Mills College sociology major Caitlin McWilliams works at a tire shop, and never expected she would be interviewing a customer about immigration to America. From a short conversation about tax returns and how to spend them, McWilliams learned that one of her regular customers, Tina, hadn’t been to her home country, Indonesia, since arriving in America. A few weeks later, McWilliams sat down and spent 3 hours listening to Tina’s journey and struggles for life in America.
McWilliams is one of the students in Mills College Sociology of Immigration class this semester, taught by Margaret Hunter. The oral history project, where students interview someone who immigrated to the United States as an adult, is a requirement for the class. The students conduct an interview for an hour and then write a 1,000-1,200 word essay telling the interviewee’s story. The essay must include sociological research to magnify the interviewee’s story as part of a bigger picture of immigration.
“Initially, I wanted students to be able to use their ‘sociological imaginations’ to connect one person’s real life experience with the larger social trends of immigration to the U.S.,” Hunter said. “This helps make the larger social patterns meaningful.”
The project is a larger collaboration with the Angel Island Immigration Station Foundation (AIISF), which will be posting the essays on it’s website. AIISF works to help better inform the public about immigration, specifically on the Pacific Coast, so society can understand what immigration means for America, our lives and community.
“These stories will be used to build educational programs for the public,” said Michael McKechnie, Executive Director of AIISF. “These stories convey the true immigration experience.”
On April 9th, Mills President Alecia DeCoudreaux and Associate Provost David Donahue sat in during the class to see a few presentations of the papers. McKechnie and his colleagues from AIISF, Director of Programs Lisa Van Cleef and Community Relations Director Grant Din, also joined the class to see what the students had been working on. McKechnie was pleased to hear from students about who they interviewed and what they learned from the project.
“It was exciting to hear not only the story of the interviewee, but also the thoughts and experience of the interviewer,” McKechnie said. “The stories were very motivational and the presenters were very professional.”
Students have been preparing for their oral history project for the past few weeks with in-class trainings, practices and outside research to conduct interviews and collaborate with Angel Island Immigration Station Foundation.
Sophomore Karen Correa, a sociology major, interviewed her uncle. She appreciated the project because she has known her uncle all her life, but had never talked to him about his journey.
“I think it’s really important for all immigrants to be recognized in some way and their stories too,” Correa said. “It’s nice that Maggie is making an effort to collaborate with organizations outside of campus.”

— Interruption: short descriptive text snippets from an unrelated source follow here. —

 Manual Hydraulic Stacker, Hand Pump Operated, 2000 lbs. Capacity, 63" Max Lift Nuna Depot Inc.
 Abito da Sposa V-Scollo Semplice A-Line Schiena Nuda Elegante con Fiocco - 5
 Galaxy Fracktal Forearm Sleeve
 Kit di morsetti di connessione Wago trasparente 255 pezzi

Not only did students engage in the community and give back, but they also had an eye-opening experience seeing the different realities that immigrants of yesterday and today face, as well as the motives and journeys of immigrants from around the world. Some interviewees moved simply seeking a better career in a different country, others for the sake of families and some to escape political unrest in their home country.
Junior Maya Haines, a dance major, interviewed a Mills alumnae from the dance department. She said that just listening to her interviewee’s story was enjoyable, but wished she would have done more.

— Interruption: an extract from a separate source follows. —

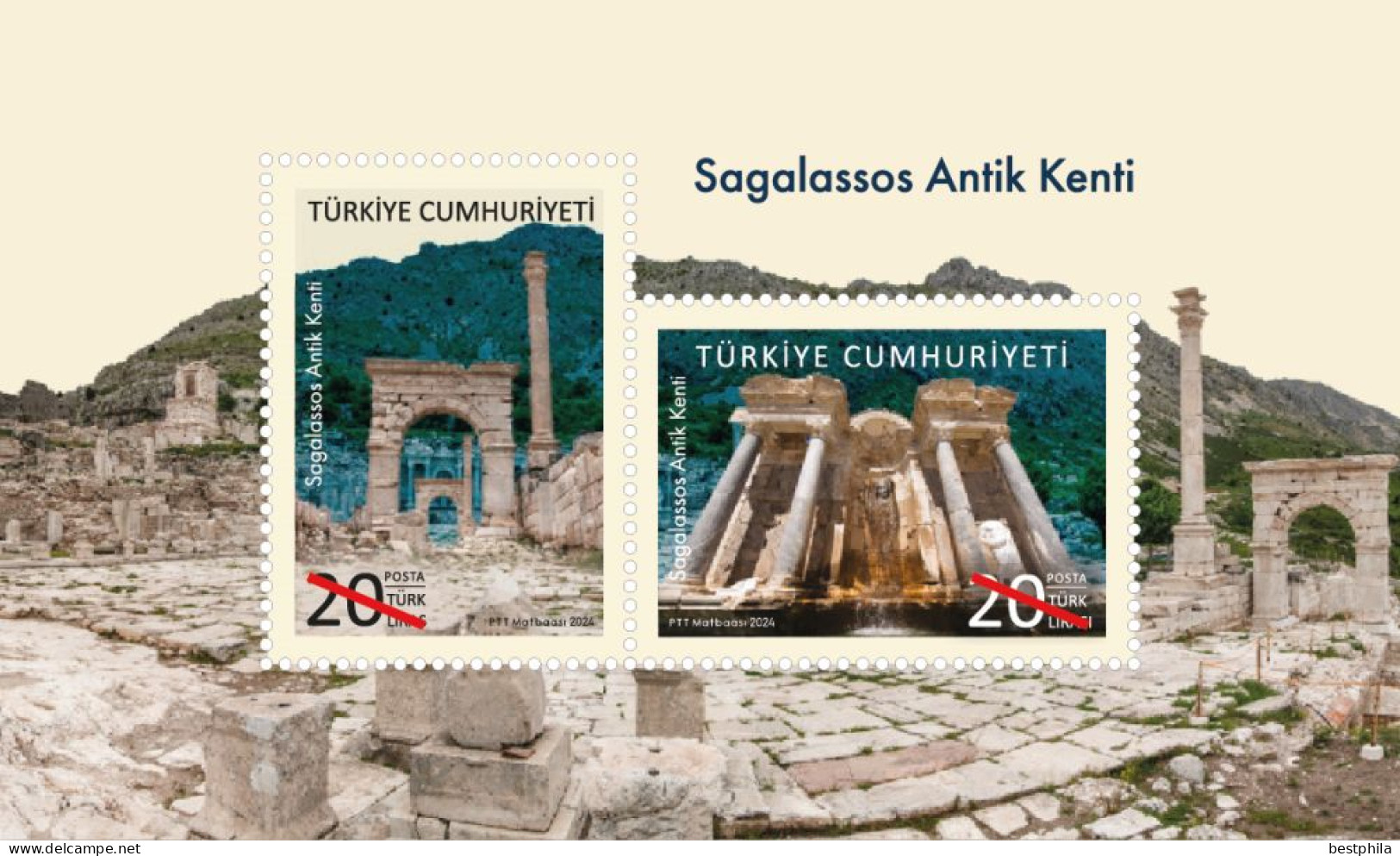 Turkey, Türkei - 2024 - Sagalassos Ancient City - 1.Mini S/Sheet ** MNH - Unused Stamps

“It wasn’t until I went back and listened to the recording [that], listening to myself, I could tell I was nervous,” Haines said. “I kept saying the word ‘great’, and I could have asked more questions about her answers rather than sticking to the script.”
With all the experience and opportunity to reach out to the community that students were doing, the interview subjects were all also benefiting from the project. The students found that their interview subjects were all happy and excited to be interviewed. Haines herself saw the happiness first hand.
“I really enjoyed it, and she seemed to enjoy it as well. At the end of the interview when I thanked her and was leaving she looked pretty happy and satisfied,” Haines said.
As a Mills class, this is one way to give back and to give voice to those who aren’t heard. The students and AIISF are working together to help give a better understanding to who the immigrants of America are.
“I think it’s really cool that the Angel Island people are doing this, and putting it out there for people to see and put more of a personal level of what immigration is,” McWilliams said.
The essays, along with visual or audio elements, will be posted on the Angel Island Immigration Station Foundation website in the next few weeks.